Community Engagement Fellows (CEF) is a U.S.-based organization that is run through Western Washington University. The purpose of the CEF is to empower educators and community leaders to nurture engaged citizens, serve the public, and improve the Salish Sea bioregion and the planet. The CEF was created by Travis Tennessen in 2015, a geographer and community educator whose primary focus is on the evolution of human-environment systems through time. He seeks to infuse an ethic and practice of place-based learning throughout the university and the region. The CEF organization uses social and place-based learning methods to facilitate the growth of effective and durable learning partnerships across organizational boundaries that include online communities of practice, retreats, forums, tours, and workshops. Western Washington University’s Center for Community Learning has served as the convener since the program began in 2015.
Program participants and members of the Community Engagement Fellows Coalition are located all over the world. The Community Engagement Fellows Institute encourages educators and community leaders in higher education, government, non-profits, tribal/indigenous organizations, libraries, museums, and other community groups to get involved. They do so out of a belief that our societies are stronger the better we can communicate and work together across boundaries.
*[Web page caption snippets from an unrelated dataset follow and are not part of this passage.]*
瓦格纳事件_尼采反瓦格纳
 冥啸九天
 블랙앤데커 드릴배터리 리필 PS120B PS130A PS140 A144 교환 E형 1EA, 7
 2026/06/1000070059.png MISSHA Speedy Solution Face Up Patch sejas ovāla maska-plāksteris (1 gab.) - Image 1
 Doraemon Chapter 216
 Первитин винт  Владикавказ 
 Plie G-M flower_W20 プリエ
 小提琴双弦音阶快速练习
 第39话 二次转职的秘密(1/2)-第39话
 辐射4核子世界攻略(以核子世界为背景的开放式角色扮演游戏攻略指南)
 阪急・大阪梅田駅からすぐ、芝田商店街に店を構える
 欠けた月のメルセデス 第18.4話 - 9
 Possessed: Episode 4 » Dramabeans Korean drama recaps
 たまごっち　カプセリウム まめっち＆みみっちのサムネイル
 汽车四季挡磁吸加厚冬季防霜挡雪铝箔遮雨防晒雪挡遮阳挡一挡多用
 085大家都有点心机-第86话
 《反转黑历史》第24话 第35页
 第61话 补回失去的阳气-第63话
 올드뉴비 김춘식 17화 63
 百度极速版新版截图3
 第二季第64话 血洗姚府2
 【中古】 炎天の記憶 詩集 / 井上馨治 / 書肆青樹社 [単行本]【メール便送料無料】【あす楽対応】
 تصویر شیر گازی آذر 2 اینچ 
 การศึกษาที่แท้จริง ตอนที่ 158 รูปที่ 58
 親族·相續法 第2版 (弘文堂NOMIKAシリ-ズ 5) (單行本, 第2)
The goal of the Community Engagement Fellows program is to create a more rich and more interconnected educational ecosystem that is responsive to local needs and opportunities. They have the desire to help society become less compartmentalized and competitive by building pathways for integration and collaboration.
Travis Tennessen wants consumers to know that the Community Engagement Fellows is for anyone who wants to become a more skilled, effective, community-engaged educator. Fellows may include community organization leaders, government representatives, P-12 teachers and administrators, business owners, higher education faculty, staff and student leaders, and more. Learning is enriched by diversity, and it’s important to think broadly about who the educators are in a community.